7. Inclusion of Washer Sales in Damages Calculation

Finally, Whirlpool challenges Dr. Rao's inclusion of washer sales in his damages calculations. Because Whirlpool's arguments go to the weight of Dr. Rao's testimony, this challenge also fails.

In reaching his damages opinion, Dr. Rao opined that Whirlpool's false and misleading advertising also resulted in LG's lost sales of washers. (Rao Report at ¶¶ 40-42.) As he explained, he based this opinion on the factual assumption that consumers typically purchase washers and dryers in pairs. Specifically, a significant number of consumers purchased matching washers and dryers. In fact, the underlying data from an independent market research company called NPD revealed that consumers purchased washers and dryers in pairs 88 percent of the time.

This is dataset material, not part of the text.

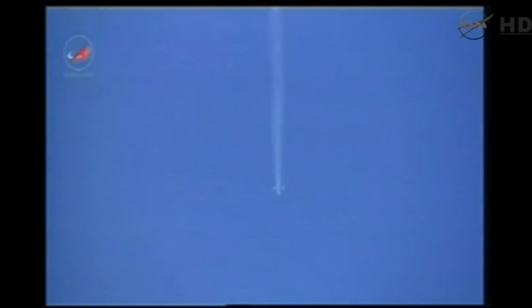The Soyuz and the Progress charting a true course, and now we have first stage separation. A good glimpse of the strap-on booster separating. Good vehicle stabilization reported.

This percentage -- known as an attachment rate -- was lower than LG and Whirlpool's own data. LG's data showed a 95 percent attachment rate, and Whirlpool's data showed a 98 percent attachment rate. Dr. Rao used the lower percent in making his calculations.

In addition, Dr. Rao relied the Declaration of Pamela Rogers, Whirlpool's Director of Product Management for Front Loading Laundry. She asserted that:

In the laundry market, the sales of washer and dryers are inextricably linked. This is because consumers typically buy washers and dryers in matching sets. For example, since September 2007, Whirlpools' sales figures indicated that 99.8% of purchasers of the Duet Steam Dryer in the color aspen, also purchased the matching Duet Steam Washer, and that number (known as the "attachment rate") is even higher for purchasers of the product in the color white. Thus, if there is no steam dryer available to match the Whirlpool Steam Washer for a period of time, sales of the Duet Steam Washer will also suffer. (Pls.' Hr'g Ex. 10 at ¶ 44.) Based on this data, Dr. Rao concluded that if LG lost the sale of a steam dryer to Whirlpool, it would also lose the sale of a washer 88 percent of the time.

Whirlpool contends that this opinion is inadmissible because Dr. Rao did not test these assumptions himself. Once again, however, this is an issue for cross-examination. See Smith, 215 F.3d at 718. See also Pansier, 576 F.3d at 738 (same); In re Ready-Mixed Concrete Antitrust Litig., 261 F.R.D. at 165. LG can establish the underlying factual assumptions at trial. See Smith 215 F.3d at 718. Moreover, Whirlpool's reliance on Bucklew v. Hawkins, Ash, Baptie & Co., LLP, 329 F.3d 923 (7th Cir. 2003), is misplaced. In Bucklew, the Seventh Circuit recognized that a plaintiff can recover profits that an infringer made from a non-infringing product related to the infringing product. Id. at 933. The Seventh Circuit found:

But [plaintiff's] evidence that [defendant] shifted profits from the infringing forms to a separate, noninfringing financial software package ("HMS for Windows") was too speculative to sustain an award of damages. His theory is that the prospect of one-stop shopping attracted customers who might otherwise have gone to a competitor, and so increased [defendant]'s revenue and presumably its profits. One of [defendant's] employees testified that the infringing forms would indeed help with the sale of HMS for Windows, but no evidence was presented that would have enabled the market value of this "help" to be gauged. The testimony by an expert witness for the plaintiff that 10 percent of the profits on [defendant]'s sales of HMS for Windows were due to the buyers' being able to buy the infringing forms from HAB had no factual basis whatsoever, and we repeat previous reminders to the bench and bar of this circuit that proof of damages requires--proof.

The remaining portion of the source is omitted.